Hey Mr. Green,
In your answer to Sue regarding the school bus situation, you stated that "if I were running the district with my green iron fist, I'd require all those lazy, pampered kids to walk or bike to school, like in the old days." It's a nice sentiment but not practical in today's world. There are too many child predators waiting for this opportunity. In my neighborhood alone, there were three known attempts of men trying to lure or drag children into their cars just this past year. Each child was either walking alone or with a friend home from school or, in one instance, playing in front of her own house. Although I wish we lived in a world where kids could walk or bike to and from school without the threat of being accosted, I would not feel comfortable letting my child do this. For exercise, children should try sports or dance in a safe environment. —Tamara in Flushing, New York
Hey Mr. Green,
Just a comment regarding your advice that children should walk to school. Rather than excoriating these "lazy" kids, let's remember the hazards they face in many suburbs—lack of sidewalks, lack of pedestrian crossings, and excessive traffic with its attendant lack of controls. These deficiencies would put too many kids at risk of serious injury or death, especially given the impulsiveness of youths. Let's get our local governments to supply the needed upgrades so that kids can walk or bike again, safely. —Joan in Fairfax, Virginia
Mr. Green answers:
Hey Tamara and Joan,
I'm becoming such a crusty geezer that I need to hear such objections. Even granting my opinion that kids today are lazy and overprotected, you're right: The streets should be made tolerably safe for them—and for us grown-ups. Many adults would gladly ride bicycles, but they're scared stiff by traffic, and I don't blame them. I personally know a half dozen people who have been very seriously injured because they were hit by a vehicle or mugger while riding. I recently met a young woman who will not use a bike any longer because she was "doored" by someone getting out of a car. Though I've been doored too, I certainly don't expect everybody to hop back on a bike after such a harrowing episode.

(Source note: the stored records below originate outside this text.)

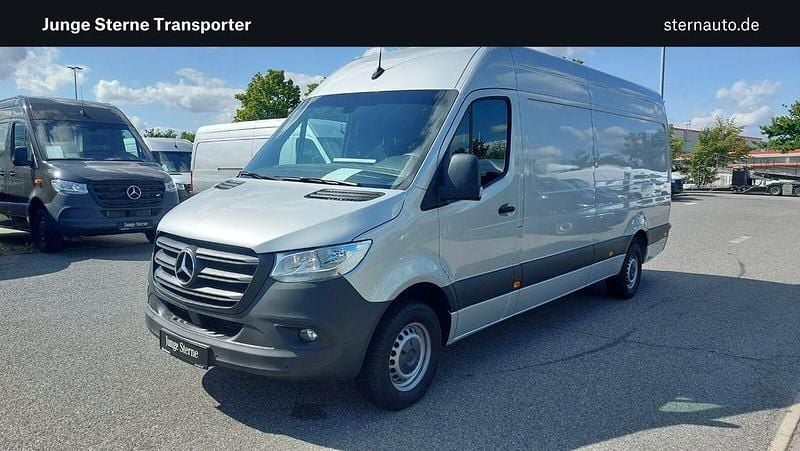 Iridiumsilber metallic Gebraucht 2021 Mercedes Sprinter Van | 30.928 € (Fairer Preis) - Bild 1/4
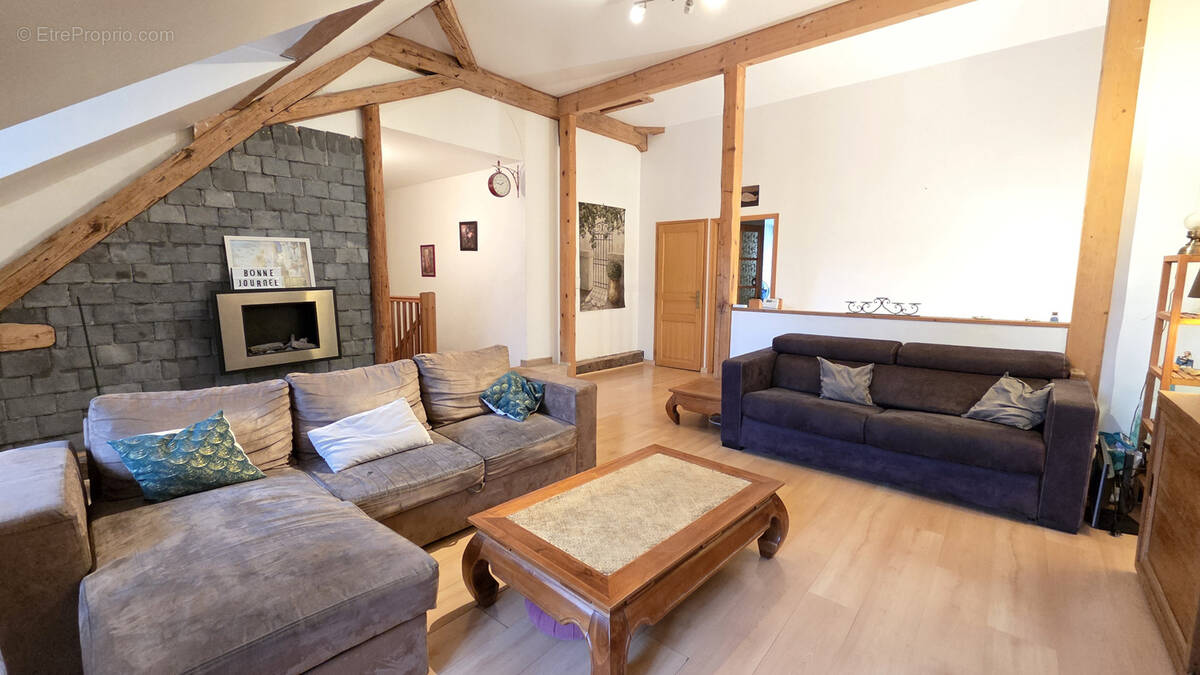 Appartement à CLUSES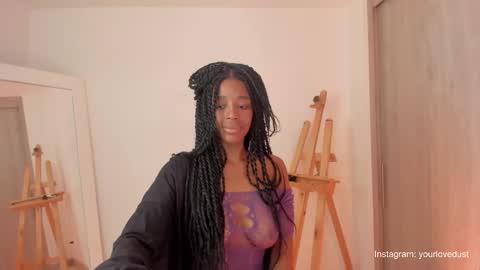 Snapshot of duna_du chatting on 12/17/24, 12:56 My birthday is tomorrow November 30 online show from 12/17/24, 12:56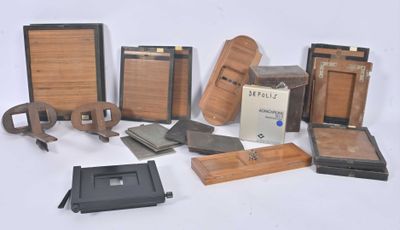 de nombreux objets en bois posés sur une surface blanche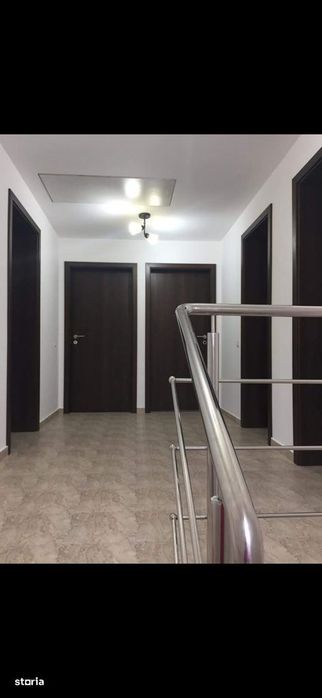 Casa cu 5 camere, curte și aer condiționat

But fear begets fear. The fact that so few people are out on the sidewalks and streets in the first place encourages predators and lets dangerous drivers rip along without being detected. So it becomes a classic catch-22: We keep our kids and ourselves off the streets because we're scared, and then the streets become scarier because nobody's on them. We burn billions of gallons of extra gas inside our vehicular fortresses while the pervs patrol.
A partial solution would be to limit traffic and create truly safe bike lanes and walking paths. I've seen this work in some cities in Europe, where you'll find old guys pedaling bikes while holding their canes over the handlebars, old women tooling about with basketfuls of cargo, and the younger set rolling along while talking on their cell phones. So if you're looking for a worthy way to restore a measure of civilization to our car-menaced world, this might be the campaign to take on.